Il Franchino ci pensa un po’, poi:

«Ma pensa te, giocare a tennis come allora, noi due. Ma sì, si può fare. Una cosa nuova, ma antica. Perché no? Io però, tempo per andare a prenotare non ne ho”.

«Per questo non c’è problema. Anch’io ho detto la stessa cosa al Davide, pensando che adesso al limite si può fare per telefono, invece che andare al campo, e lui si è messo a ridere. Zio, mi fa, ma cosa dici? Adesso non si va più sul posto a mettere un cognome e a pagare in contanti. Ci sono le app… Non ho detto niente, che ogni movimento dei muscoli facciali poteva equivalere a una grossa presa per i fondelli da parte sua nei miei confronti, e l’ho lasciato andare avanti. Così mi ha spiegato che esiste un sito dove la cosa si può fare online tramite computer, cellulare e via dicendo. Si chiama prenotauncampo.it, e non è solo per il tennis, ma anche per il calcio, il calcetto, il volley e almeno altri venti sport, passando per le bocce e arrivando persino a una roba che si chiama padel, che nemmeno sapevo esistesse.»

«E che cos’è il padel?.

«Una specie di tennis contro il muro che non è che mi attira molto, però sembra che abbia un gran successo, ma adesso non c’entra: se vuoi saperne di più te lo vai a cercare su internet. È facile, come è facilissimo andare su prenotauncampo: lui, il nipotastro, l’ha fatto in un niente davanti a me, e mi ha fatto vedere come funziona, anche se avrò bisogno di un ripasso. Succede che ti iscrivi e ti trovano lo spazio che ti serve più vicino possibile dove vuoi tu, si paga con la carta di credito e con un clic senza nessun tipo di percentuale sul costo iniziale, e qui mi domando sempre cosa ci guadagnano, ma un giorno lo capirò.
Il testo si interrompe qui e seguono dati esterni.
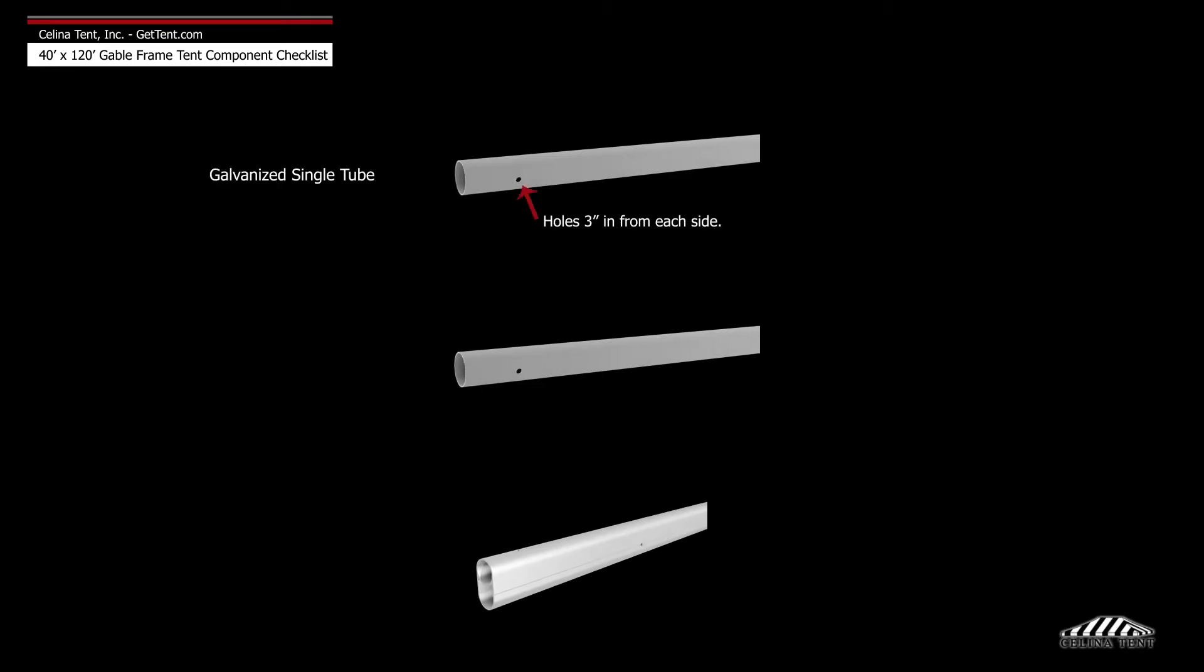Solana frame tubing is available in three types: galvanized single tube, aluminum single tube, and aluminum double tube.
E se usi ‘sta cosa, la loro app, con regolarità accumuli crediti e sconti anche fino alla metà del prezzo che ti costerebbe affittare sul posto. Ma adesso la pianto che sennò sembra che sono un loro agente di vendita e invece conosco solo l’abc. Anche perché ho invitato il Davide a prendere l’aperitivo con noi e fra un po’ ci raggiunge.»
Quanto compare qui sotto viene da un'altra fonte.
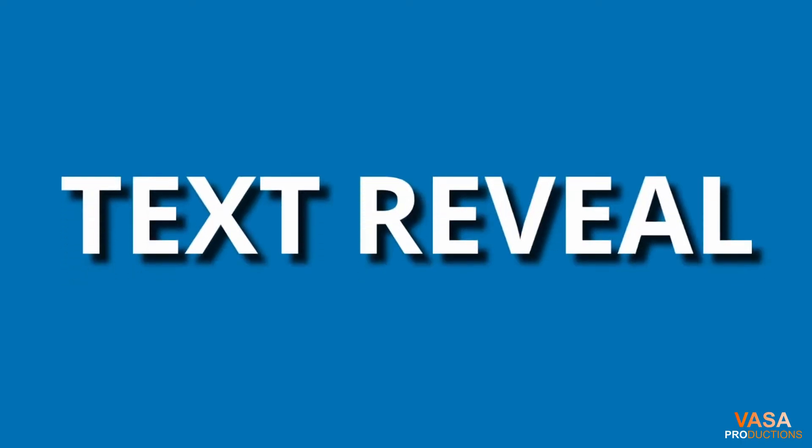Hey what's going on everyone, it's Jason and in this video I'm going to show you how to do a quick text reveal inside of DaVinci Resolve Fusion. Coming up.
«Ma viene anche lui qui, e si beve un Negroni? Non ci credo!»

«Ma va là! A parte che non è più un ragazzino, visto che ne ha compiuti ventitre, quello è salutista spinto e va di analcolico, al massimo si fa portare un cocktail di frutta, che solo a pensarci mi si intorcina lo stomaco. Ecco, telo là che arriva, guarda: sta attraversando la strada.»

«Però, che armadio, eh? E come passa il tempo: saranno anni che non lo incontro. Aspetta, aspetta… Ma tu guarda un po’ chi sta incrociando, proprio adesso vicino a lui… Oh, Gino, non ti dice niente quella signora con la gonna bianca? Non la riconosci?»

«Ma chi?»

«Quella… C’avrà più o meno la nostra età, non la vedo da allora, ma è sicuro che è lei.»

«Lei chi?», chiede ancora il Gino.

«Ma l’Antonella, no? Possibile che non la riconosci? Ha anche la gonna bianca, ti ho detto: e fai lavorare la fantasia!»

Stringe gli occhi il Gino, e poi conviene:

«Sì, hai ragione, è proprio lei, incredibile! Eh, gli anni passano per tutti, anche se direi che lei se li porta alla grande. Ma dai, come hai fatto a riconoscerla?»

«Le gambe, amico mio, ho guardato le gambe, prova: se punti su quelle e hai una memoria capace di riportarti indietro nel tempo, su un certo campo da tennis, stai sicuro che non puoi sbagliare. Nemmeno tu.»

«A proposito di…app: apperò!»

A questo punto si può anche sorridere, soprattutto se si fa parte della categoria maturi digitali. Un po’ più digitali, magari, da adesso in poi.